What is being asked ▸
For this listing, the lines between the one holding "1992 Gibson Les" and the one holding "58 ASTER STREET, Clearwater Beach, FL 33767", inclusive, must be set down exactly.

Data supplied ▸

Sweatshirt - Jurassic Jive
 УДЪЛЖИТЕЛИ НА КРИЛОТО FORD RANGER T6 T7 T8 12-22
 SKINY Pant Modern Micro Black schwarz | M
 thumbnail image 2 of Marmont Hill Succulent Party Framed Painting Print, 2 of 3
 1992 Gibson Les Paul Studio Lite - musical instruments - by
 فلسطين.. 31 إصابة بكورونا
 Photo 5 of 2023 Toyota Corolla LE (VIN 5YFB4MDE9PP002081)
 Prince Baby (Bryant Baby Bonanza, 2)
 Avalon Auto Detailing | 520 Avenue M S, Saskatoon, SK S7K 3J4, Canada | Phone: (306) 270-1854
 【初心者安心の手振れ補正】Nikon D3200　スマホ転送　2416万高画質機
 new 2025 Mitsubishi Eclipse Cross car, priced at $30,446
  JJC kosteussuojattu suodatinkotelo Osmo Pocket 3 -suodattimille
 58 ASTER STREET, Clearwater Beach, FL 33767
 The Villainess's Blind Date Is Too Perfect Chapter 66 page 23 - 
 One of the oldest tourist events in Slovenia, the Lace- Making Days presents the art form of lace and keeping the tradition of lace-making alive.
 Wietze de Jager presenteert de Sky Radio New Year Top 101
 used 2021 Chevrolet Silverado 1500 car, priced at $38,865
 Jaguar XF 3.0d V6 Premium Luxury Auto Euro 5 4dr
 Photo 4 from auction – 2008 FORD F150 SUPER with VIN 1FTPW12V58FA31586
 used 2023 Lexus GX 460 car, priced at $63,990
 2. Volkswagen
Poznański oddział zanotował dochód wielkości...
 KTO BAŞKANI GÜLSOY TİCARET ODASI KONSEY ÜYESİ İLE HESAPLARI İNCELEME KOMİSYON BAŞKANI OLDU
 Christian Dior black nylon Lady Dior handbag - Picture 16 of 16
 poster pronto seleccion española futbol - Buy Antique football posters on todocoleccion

Solved exercise ▸
 1992 Gibson Les Paul Studio Lite - musical instruments - by
 فلسطين.. 31 إصابة بكورونا
 Photo 5 of 2023 Toyota Corolla LE (VIN 5YFB4MDE9PP002081)
 Prince Baby (Bryant Baby Bonanza, 2)
 Avalon Auto Detailing | 520 Avenue M S, Saskatoon, SK S7K 3J4, Canada | Phone: (306) 270-1854
 【初心者安心の手振れ補正】Nikon D3200　スマホ転送　2416万高画質機
 new 2025 Mitsubishi Eclipse Cross car, priced at $30,446
  JJC kosteussuojattu suodatinkotelo Osmo Pocket 3 -suodattimille
 58 ASTER STREET, Clearwater Beach, FL 33767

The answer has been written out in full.